Using Dashboard filters to focus your data
You can use Dashboard filters to focus on a particular aspect of your audience data. Filters are available on all reports except Audience Overview and Author and Section Comparisons reports.
Which part of the Dashboard gets filtered?
As you begin to use Dashboard filters, you may notice that some data responds, whereas other pieces remain the same. This is by design but it may not be obvious at first. The thing to keep in mind is that filter location matters. We’ve designed the Dashboard so that when you select a filter, it only affects the information below that filter. Let’s look at some examples:
Unfiltered
Midpage filter
This refers to any filter that is located below any data display.
Top-of-page filter
This refers to any filter near the top of the Dashboard. This includes: Pulse/Historical, Posts/Videos, and Audience Segments.
Filtering criteria
We’re able to power the first ten filters with the metadata that you’ve provided.

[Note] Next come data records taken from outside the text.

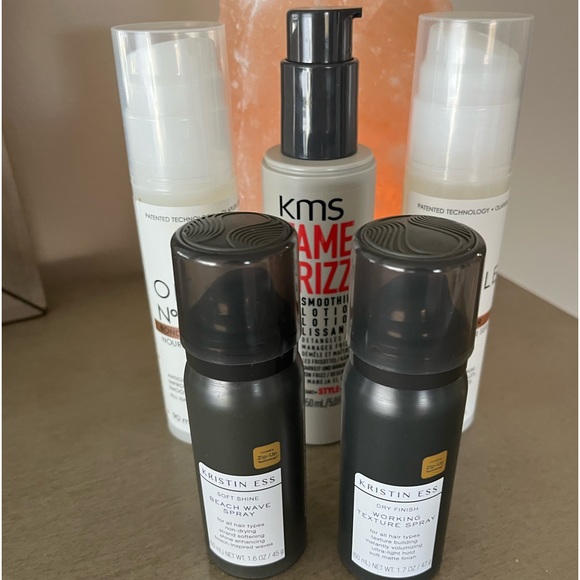 OLAPLEX Hair Hair Lot Olaplex Kms Kristin Ess Poshmark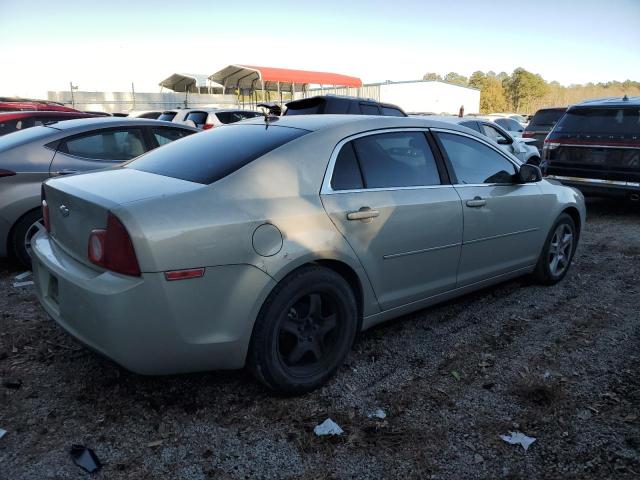 2011 Chevrolet Malibu Ls VIN: 1G1ZB5E14BF328675 Lot: 81180593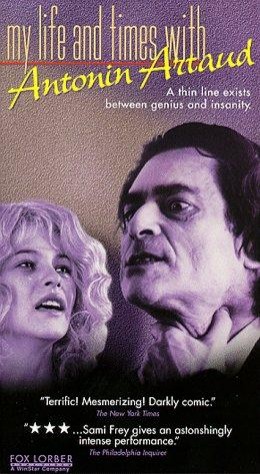 En Compagnie D'antonin Artaud (1993) afişi En Compagnie D'antonin Artaud (1993) afişi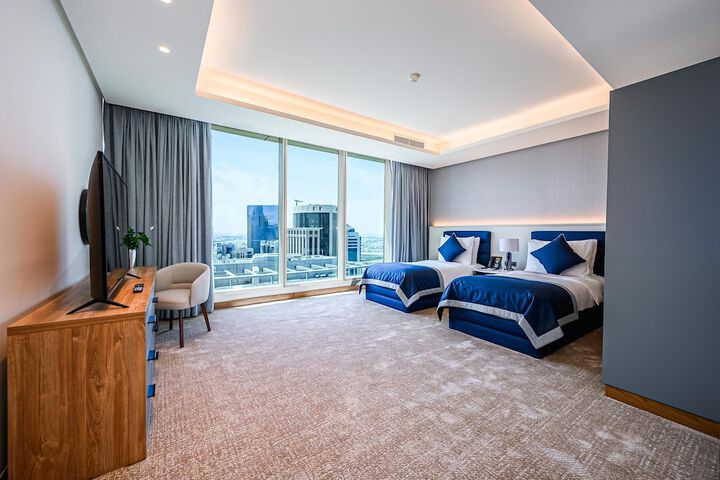 Room 95 of 218
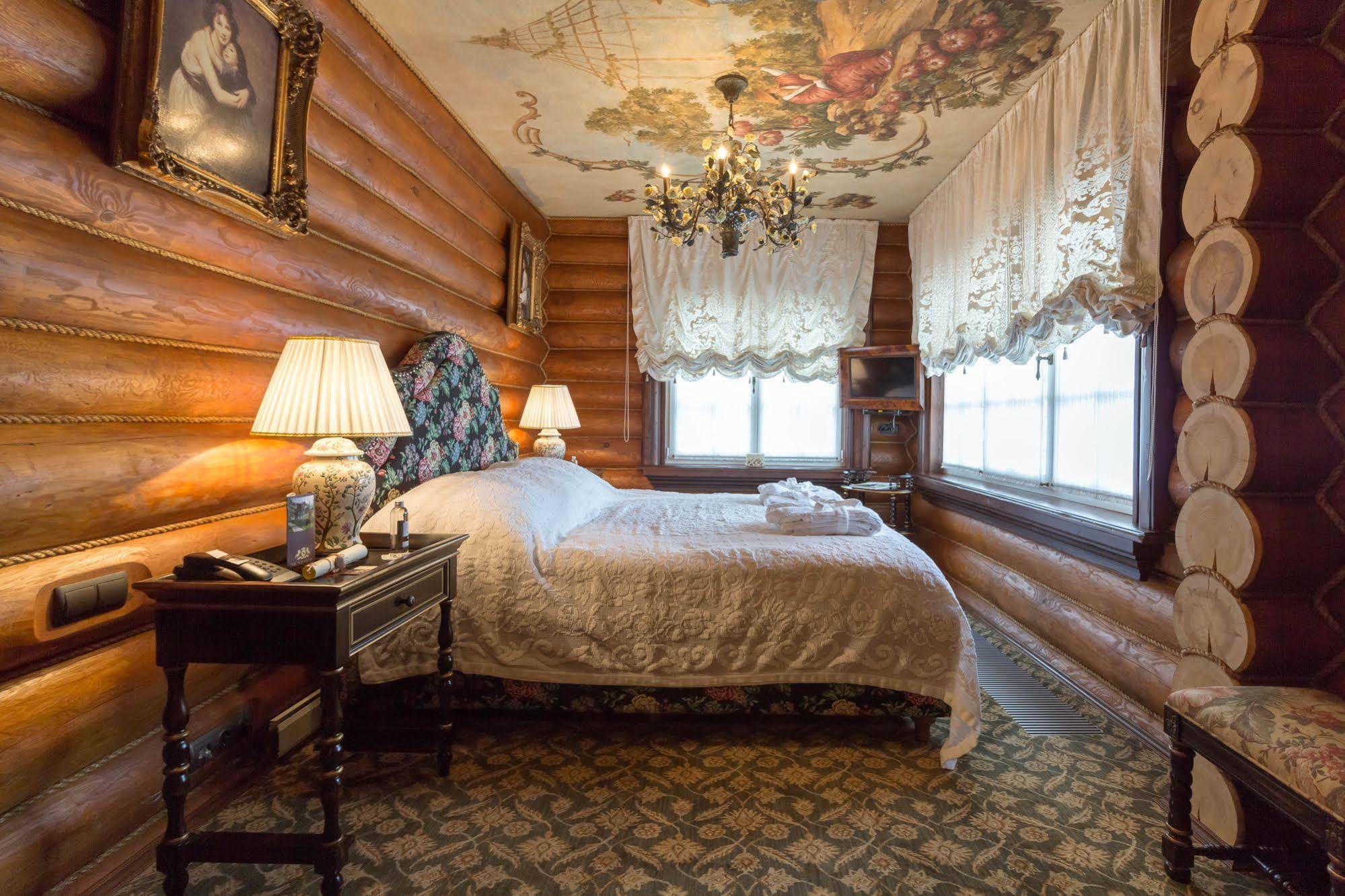 Boutique Hotel Seneshal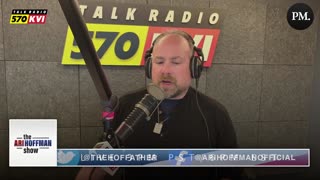 The Ari Hoffman Show- Get Your Kids Out of the Public Schools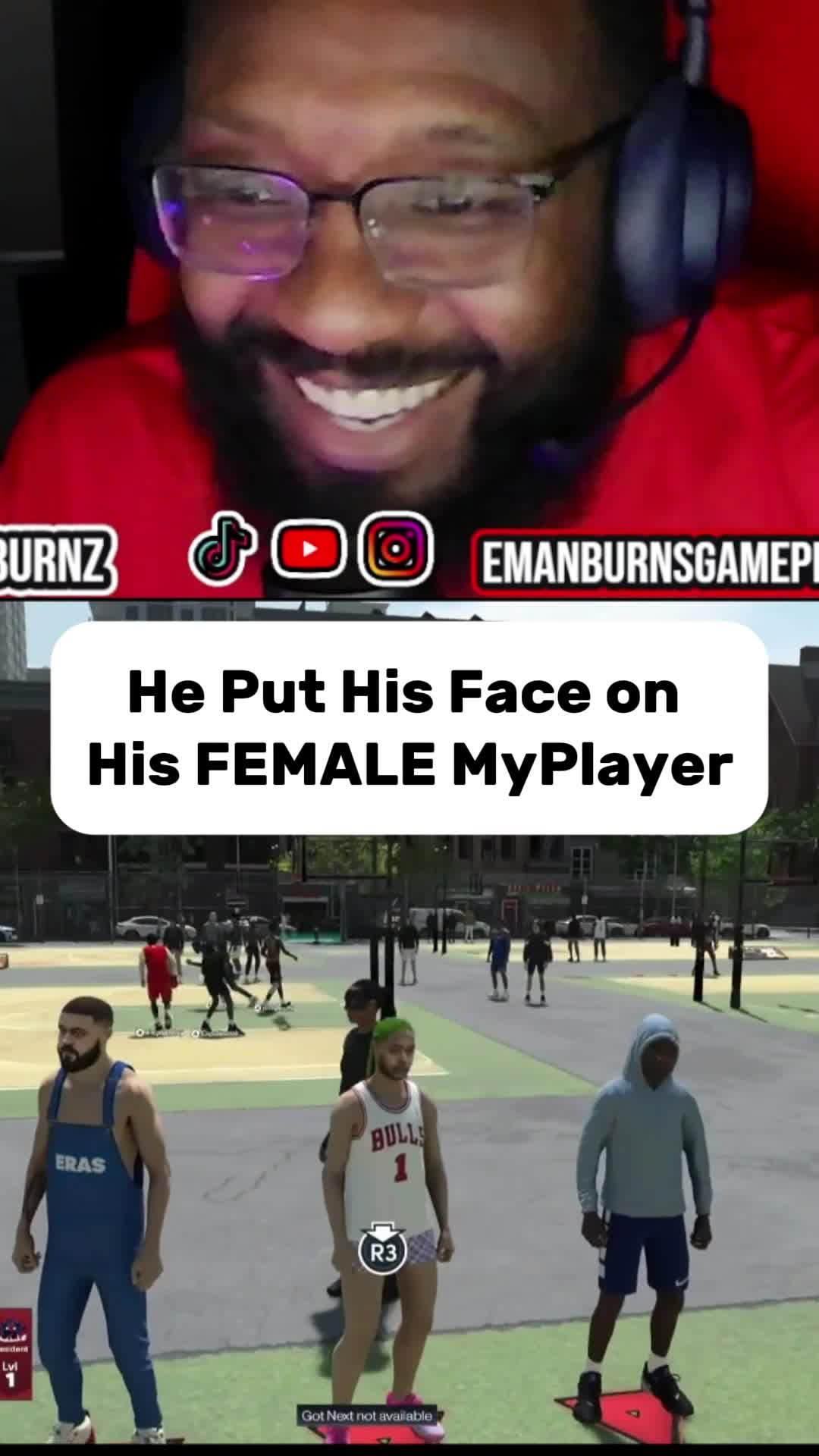 @EmanburnsGameplay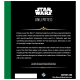 TCG Star Wars: Unlimited Homeworlds Carbonite Booster Display (12) (Inglés) de Fantasy Flight Games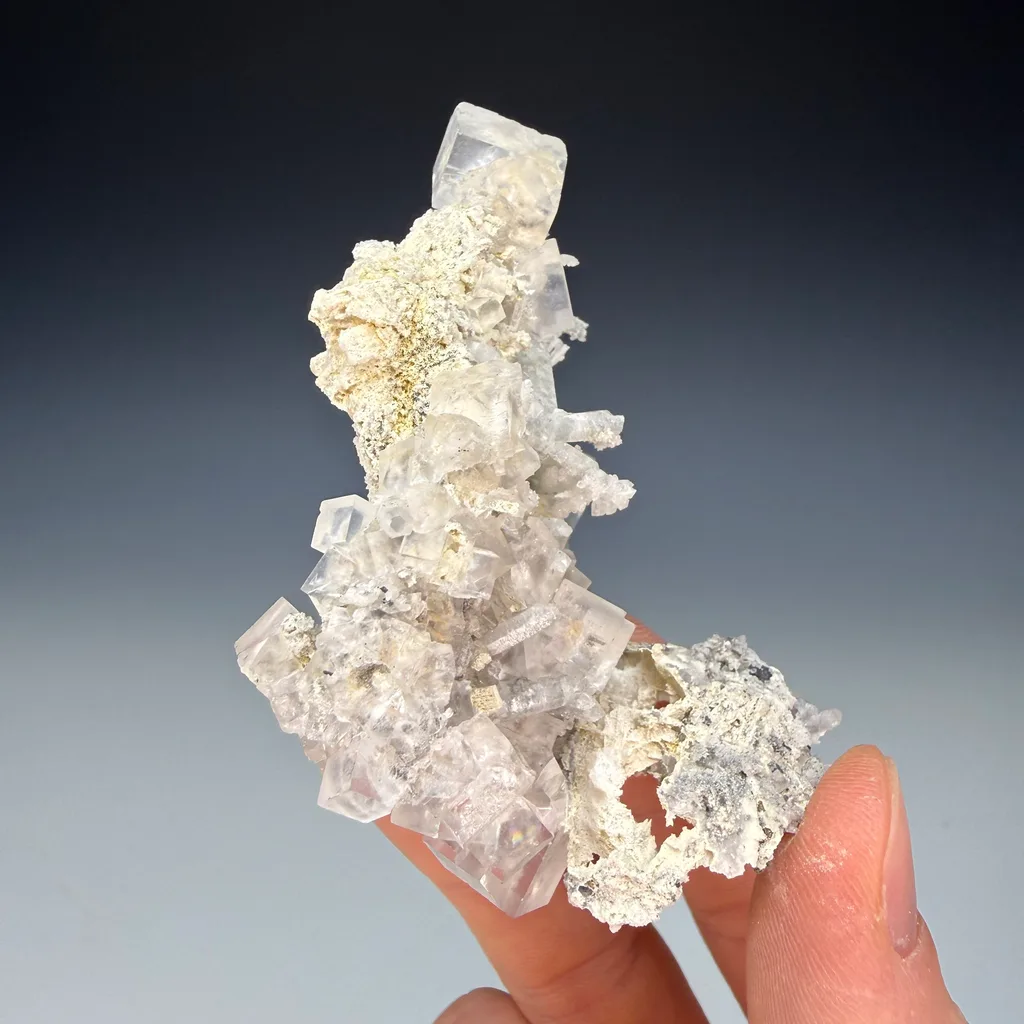 Fluorite - image 4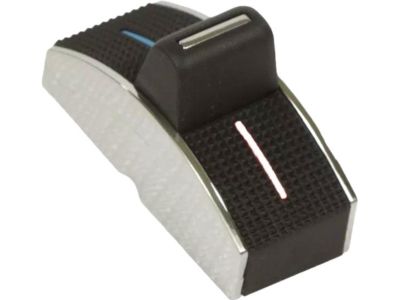 Ford Explorer A/C Switch - HB5Z-19986-BA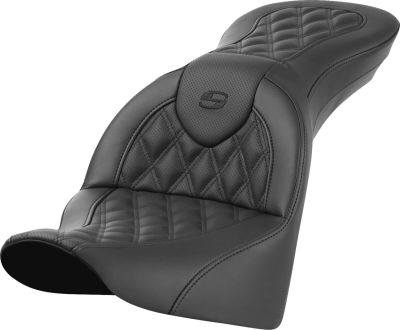 08021628 - SADDLEMEN SEAT ROADSOFA LS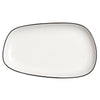 Steelite Asteria Nordic Platters White 286mm (Pack of 6) - VV4518 Steelite Performance Steelite   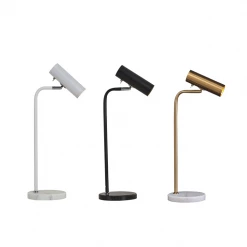 Staunton And Henry Modern Desk Lamp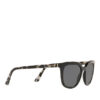 Prada Pr 03xs Sonnenbrille Damen, Schwarz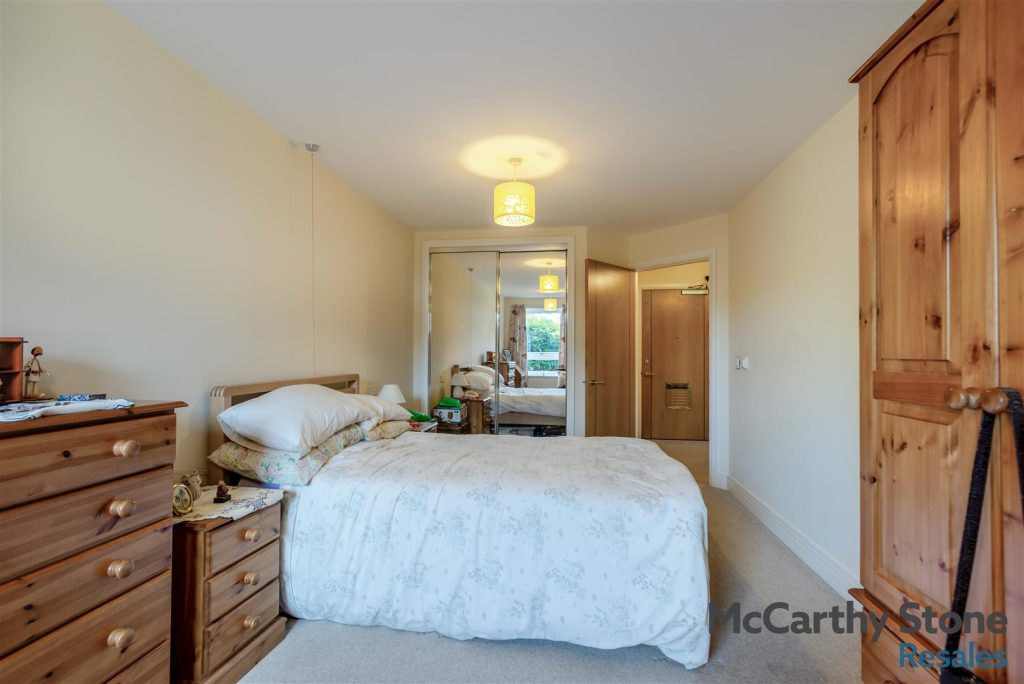 Horton Mill Court, Hanbury Road, Droitwich, WR9 8GD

- Page type: All Pages, Posts, Non-Post
- Author: select one or more authors or author groups
- Section: select one or more top-level categories
- Tag: select one or more tags or tag groups
- Publish date: select preset values or use in combination with a historical selection
- Word count: select < 500, 500-999, 1000-1499, or 1500+ words
- Campaign: select one or more campaigns or campaign groups
- Path: drill down into url path fragments
- Syndication: available on the Posts page within a Network Rollup view to select All Content, Syndicated, or Local
- Title: filter your posts by one or more words in a title
- Metrics: Select the information you’d like to see for the posts you’ve filtered
Path filter
Users have the ability to use URL path fragments as a filter when viewing post or non-post data.
A path fragment refers to the parts of a URL separated by slashes. For example, in the URL https://tea-fanatics.example.com/flavors/black-tea/earl-grey/, the path fragments are “flavors” “black-tea” and “earl-grey.”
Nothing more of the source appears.